On Thursday, Google released a reimagined version of its research agent, Gemini Deep Research. This new tool is based on the company’s state-of-the-art foundation model, Gemini 3 Pro. While it can still produce detailed research reports, its primary new feature allows developers to embed Google’s deep research capabilities directly into their own applications. This integration is made possible through Google’s new Interactions API, designed to give developers more control in the emerging agentic AI era.
The enhanced Gemini Deep Research agent is built to synthesize vast amounts of information and handle large context prompts. Google reports that customers are already using it for a wide range of tasks, from due diligence to drug toxicity safety research. Furthermore, Google plans to integrate this deep research agent into several of its own services soon, including Google Search, Google Finance, the Gemini App, and NotebookLM. This move represents another step toward a future where AI agents, rather than humans, perform information-seeking tasks.
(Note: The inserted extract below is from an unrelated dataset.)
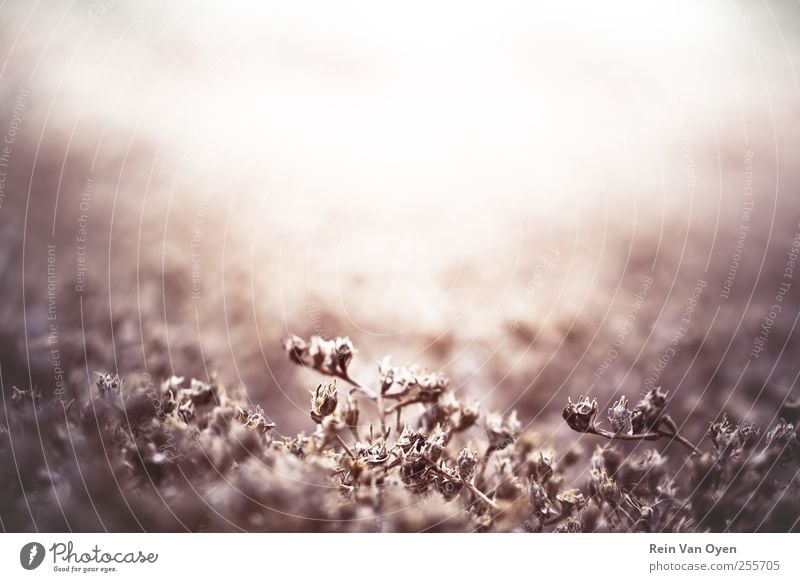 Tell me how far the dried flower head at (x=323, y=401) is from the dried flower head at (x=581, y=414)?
0.48 meters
Google emphasizes that Deep Research benefits from Gemini 3 Pro’s status as its most factual model, specifically trained to minimize hallucinations during complex tasks. Hallucinations, where a large language model generates false information, are a critical challenge for long-running, autonomous agentic tasks. The more decisions an AI agent makes over extended periods, the greater the risk that a single hallucination could invalidate the entire output.
To demonstrate its progress, Google introduced a new benchmark named DeepSearchQA, intended to test AI agents on complex, multi-step information-seeking tasks. Google has open-sourced this benchmark. The company also tested Deep Research on other benchmarks, including the independently created Humanity’s Last Exam, a general knowledge test with niche tasks, and BrowserComp, a benchmark for browser-based agentic tasks.
As might be expected, Google’s new agent outperformed the competition on its own DeepSearchQA benchmark and on Humanity’s Last Exam. However, OpenAI’s ChatGPT 5 Pro was a close second in these tests and slightly outperformed Google’s agent on the BrowserComp benchmark.
These comparisons, however, were quickly overshadowed. On the same day Google made its announcement, OpenAI launched its highly anticipated GPT 5.2 model, codenamed Garlic. OpenAI claims its new model surpasses rivals, particularly Google, on a suite of standard benchmarks, including its own. The timing of Google’s announcement is notable, as it strategically coincided with the anticipated release of OpenAI’s new model.